The Delhi Sultans were absolute monarchs and possessed unlimited powers. The Sultan’s main duty was to maintain law and order in his empire. The Sultan carried on the work of administration with the help of his advisors and ruled according to the Quranic law or the Shariyat. But many of the Sultans disregarded the Shariyat in practice. There were the ulemas who acted as advisors to the rulers but Sultans like Alla-ud-din khilji and Firoz Tughlak did not give them much importance. These Sultans actually ruled with the power of the military. The wazir (prime minister), the naik (viceroy), the qazi (chief judge), mir bakshi (paymaster) and the ariz-i-mamalik (commander-in-chief), besides the amirs and the maliks, were the important advisors of the Sultan.
The empire was divided into many provinces or Parganas which were further divided into villages. The village administration was managed by a muquaddam or a village headman. This office was generally hereditary. The munsif managed the accounts of the village while the patwari kept the local records.

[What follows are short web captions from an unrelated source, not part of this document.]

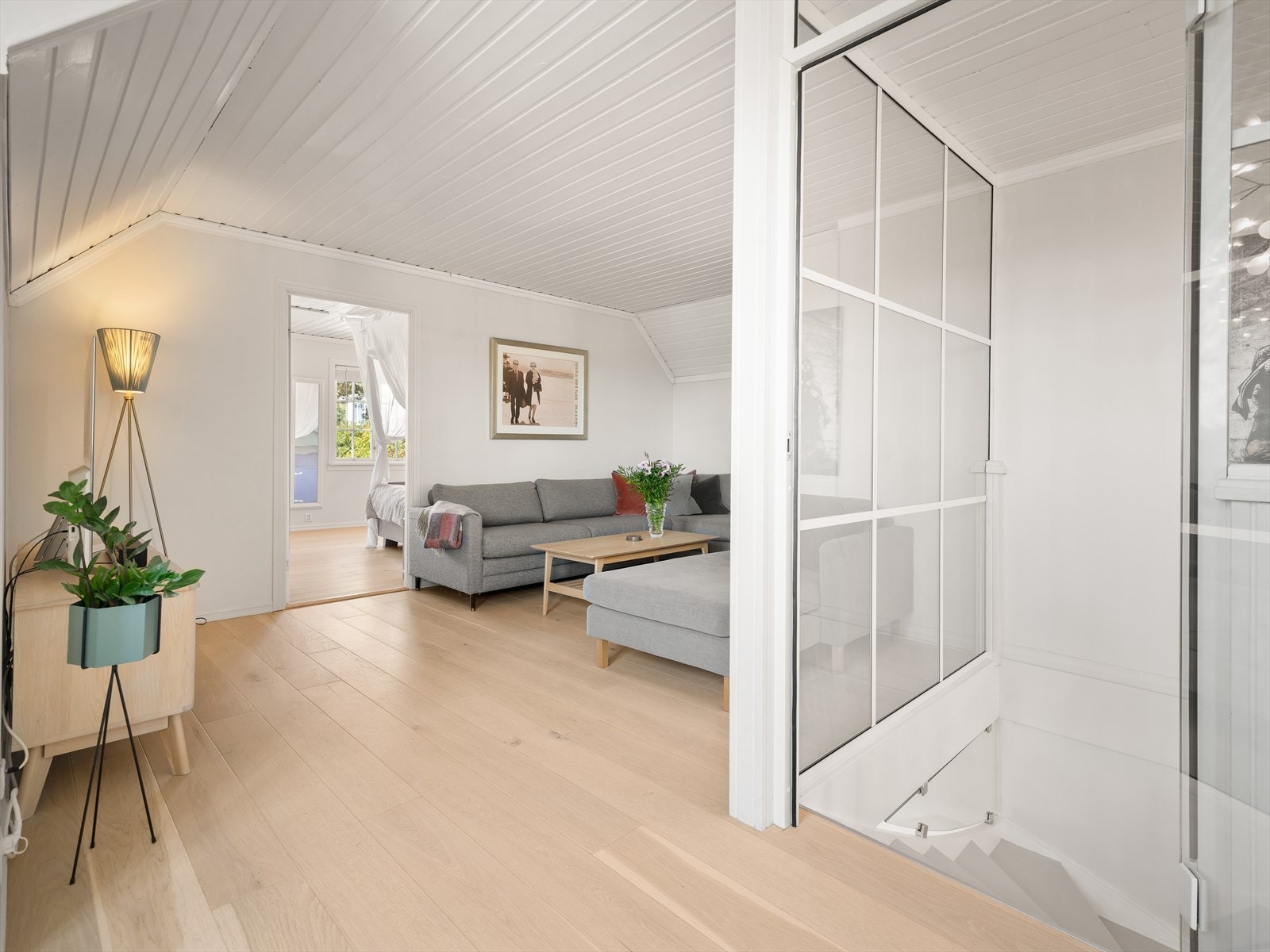 Loftstue med plass til sofagruppe, kommode og annet tilbehør. Galleribilde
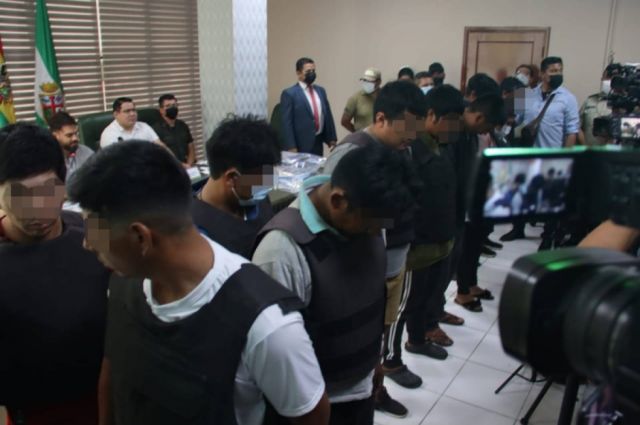 Envían a la cárcel a los 13 presuntos avasalladores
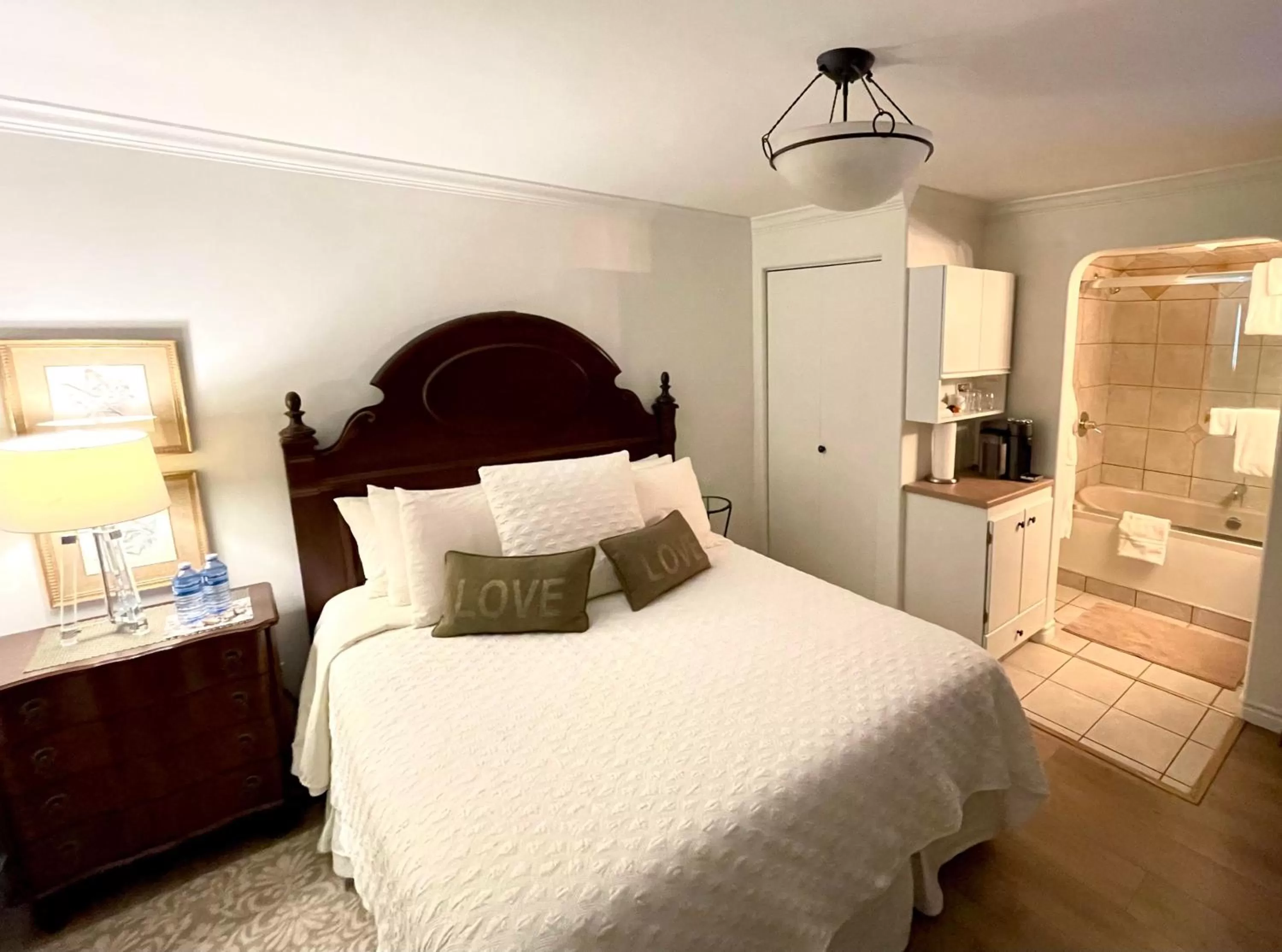 Bed in A Vista Villa Couples Retreat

The chief source of income was the land revenue which varied from time to time. Each sultan fixed his own percentage of land revenue. For instance, Alla-ud-din raised it to 50 per cent while Firoz Tughlak reduced it. The other taxes were the jazia, the kharaj, the zakat and the kham. Justice was administered by a qazi, but the highest court of appeal was the king himself and the “decisions of the qazi were upset by him when there was sufficient ground to do so”.
The Iqta System:
The kingdom was divided into a number of tracts known as iqtas. These tracts were given to officers who were called iqtadars. This was like the feudal system prevalent in India before the advent of the Muslims. The land was granted to these officers in lieu of salary. The iqtadars paid a fixed revenue to the Sultans. A part of the revenue was kept by the iqtadars for their personal use and for maintaining soldiers for the Sultan. The amount paid to the king was fixed and the account was recorded. The iqtadars were also responsible for the maintenance of law and order in their territories. Firoz Tughlak made the iqta system hereditary.
Agriculture was the main occupation of the people. It was the peasants who paid the land revenue to the Sultans. Many Sultans like Firoz Tughlak did a lot for the betterment of agriculture. He got many canals dug for irrigation purposes. Loans were given to farmers to improve agriculture.
Besides agriculture, other industries were also encouraged. Karkhanas or workshops were set up in towns where metal work and other works of technical nature were undertaken. Traders formed their guilds to develop industries. According to the Moorish traveller, Ibn Batuta, Delhi became very prosperous during the period.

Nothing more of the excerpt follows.